Friday, June 26, 2009

What is Risk?

The Random House dictionary defines risk as "exposure to the chance of injury or loss."

When considering investments, risk is the chance that your investment will provide lower returns than expected. Here are some of the different types of risk to consider when choosing investments:

  • Market Risk: when an investment loses because of overall declines in the market - for example, your house may be well kept and even improved, but its market value may have declined during the recent recession
  • Inflation Risk: when prices in the economy rise as a whole, decreasing the worth of investment income
  • Default Risk: when an entity issuing a debt investment (i.e. a bond) is unable to pay as promised
  • Liquidity Risk: what value could you lose during the time you try to sell an investment? Common stock of a Fortune 500 company has low liquidity risk, since a sale order could typically be executed instantaneously.
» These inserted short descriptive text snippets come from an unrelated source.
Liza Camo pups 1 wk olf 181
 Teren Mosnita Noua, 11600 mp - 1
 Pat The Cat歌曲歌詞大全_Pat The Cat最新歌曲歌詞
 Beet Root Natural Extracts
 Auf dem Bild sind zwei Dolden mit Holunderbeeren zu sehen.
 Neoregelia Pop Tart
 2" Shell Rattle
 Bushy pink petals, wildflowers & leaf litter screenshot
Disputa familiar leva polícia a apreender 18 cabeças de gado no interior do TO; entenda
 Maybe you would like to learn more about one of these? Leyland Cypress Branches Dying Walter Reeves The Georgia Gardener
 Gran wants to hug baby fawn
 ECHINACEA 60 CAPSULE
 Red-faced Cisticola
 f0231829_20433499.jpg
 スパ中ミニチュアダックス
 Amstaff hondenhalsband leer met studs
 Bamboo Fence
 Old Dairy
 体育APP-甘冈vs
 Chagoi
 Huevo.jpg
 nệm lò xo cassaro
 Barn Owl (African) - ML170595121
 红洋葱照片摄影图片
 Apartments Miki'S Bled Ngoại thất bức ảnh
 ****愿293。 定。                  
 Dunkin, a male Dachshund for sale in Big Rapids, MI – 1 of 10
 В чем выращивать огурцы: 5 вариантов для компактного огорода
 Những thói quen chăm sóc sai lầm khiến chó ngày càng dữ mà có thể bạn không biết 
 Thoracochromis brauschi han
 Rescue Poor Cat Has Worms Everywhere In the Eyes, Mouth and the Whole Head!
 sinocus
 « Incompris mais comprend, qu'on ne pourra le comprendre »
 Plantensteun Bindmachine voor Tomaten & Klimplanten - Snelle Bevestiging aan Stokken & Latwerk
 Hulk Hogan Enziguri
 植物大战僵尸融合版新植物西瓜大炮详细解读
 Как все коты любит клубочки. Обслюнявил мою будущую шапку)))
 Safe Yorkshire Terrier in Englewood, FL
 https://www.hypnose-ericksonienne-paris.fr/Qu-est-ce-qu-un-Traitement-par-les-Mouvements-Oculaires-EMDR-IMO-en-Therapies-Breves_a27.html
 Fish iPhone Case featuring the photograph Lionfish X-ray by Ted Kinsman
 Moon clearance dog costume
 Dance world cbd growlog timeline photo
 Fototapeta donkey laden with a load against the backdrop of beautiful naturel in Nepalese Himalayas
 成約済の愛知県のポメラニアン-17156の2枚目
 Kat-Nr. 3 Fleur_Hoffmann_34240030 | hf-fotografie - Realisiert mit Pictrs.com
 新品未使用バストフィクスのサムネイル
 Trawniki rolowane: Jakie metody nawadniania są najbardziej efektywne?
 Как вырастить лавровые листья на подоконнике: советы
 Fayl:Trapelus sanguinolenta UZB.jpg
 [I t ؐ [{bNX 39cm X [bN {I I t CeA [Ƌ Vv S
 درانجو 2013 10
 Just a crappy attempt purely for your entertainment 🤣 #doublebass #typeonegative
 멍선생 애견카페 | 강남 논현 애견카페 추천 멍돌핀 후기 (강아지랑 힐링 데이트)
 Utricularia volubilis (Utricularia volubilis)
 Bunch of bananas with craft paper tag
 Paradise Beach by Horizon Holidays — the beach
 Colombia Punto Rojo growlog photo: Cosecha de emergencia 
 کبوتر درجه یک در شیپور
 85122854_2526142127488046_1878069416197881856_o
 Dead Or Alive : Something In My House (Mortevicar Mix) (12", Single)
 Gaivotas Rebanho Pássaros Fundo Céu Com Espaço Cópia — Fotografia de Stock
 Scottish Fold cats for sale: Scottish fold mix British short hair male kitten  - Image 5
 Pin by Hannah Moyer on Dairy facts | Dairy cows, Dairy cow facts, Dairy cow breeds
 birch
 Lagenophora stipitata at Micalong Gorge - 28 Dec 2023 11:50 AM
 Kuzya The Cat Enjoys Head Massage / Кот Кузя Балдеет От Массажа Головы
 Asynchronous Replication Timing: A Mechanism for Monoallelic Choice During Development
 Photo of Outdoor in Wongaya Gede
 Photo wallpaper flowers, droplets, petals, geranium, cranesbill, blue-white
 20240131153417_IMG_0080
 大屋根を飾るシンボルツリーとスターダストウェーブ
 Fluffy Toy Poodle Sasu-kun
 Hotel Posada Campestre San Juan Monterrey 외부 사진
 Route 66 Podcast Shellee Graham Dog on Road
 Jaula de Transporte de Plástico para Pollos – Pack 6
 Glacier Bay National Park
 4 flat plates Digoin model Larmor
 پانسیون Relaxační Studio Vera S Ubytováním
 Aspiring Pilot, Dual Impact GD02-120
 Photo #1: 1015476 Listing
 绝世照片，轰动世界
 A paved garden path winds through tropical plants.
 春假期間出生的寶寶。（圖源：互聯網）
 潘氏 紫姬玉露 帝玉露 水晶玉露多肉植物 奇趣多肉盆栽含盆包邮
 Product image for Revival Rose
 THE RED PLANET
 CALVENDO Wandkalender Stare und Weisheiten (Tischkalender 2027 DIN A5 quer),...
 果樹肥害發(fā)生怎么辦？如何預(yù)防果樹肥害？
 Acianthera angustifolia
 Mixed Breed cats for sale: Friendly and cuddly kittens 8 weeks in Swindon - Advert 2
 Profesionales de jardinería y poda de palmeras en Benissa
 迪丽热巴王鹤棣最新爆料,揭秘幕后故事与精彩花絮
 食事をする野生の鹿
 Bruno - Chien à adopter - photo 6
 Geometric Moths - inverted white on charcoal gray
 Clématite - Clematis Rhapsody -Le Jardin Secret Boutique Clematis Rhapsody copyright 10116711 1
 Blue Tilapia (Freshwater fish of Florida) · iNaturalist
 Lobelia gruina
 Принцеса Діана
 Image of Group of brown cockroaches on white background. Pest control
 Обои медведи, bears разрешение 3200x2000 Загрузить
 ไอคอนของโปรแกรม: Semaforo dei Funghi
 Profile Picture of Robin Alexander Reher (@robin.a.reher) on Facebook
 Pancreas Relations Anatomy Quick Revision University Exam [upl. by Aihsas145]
A 17th century vase may take longer to sell, and if you need the proceeds immediately, you might need to settle for a lower offer.
  • Political Risk: when changes in governments or politics adversely affect markets or investments you hold
  • Exchange Risk: when you hold foreign investments, changes in foreign currency valuations can adversely affect your investments.

One of the keys to successful investing is to understand the various risks you face, and to take steps or choose investments that help mitigate those risks.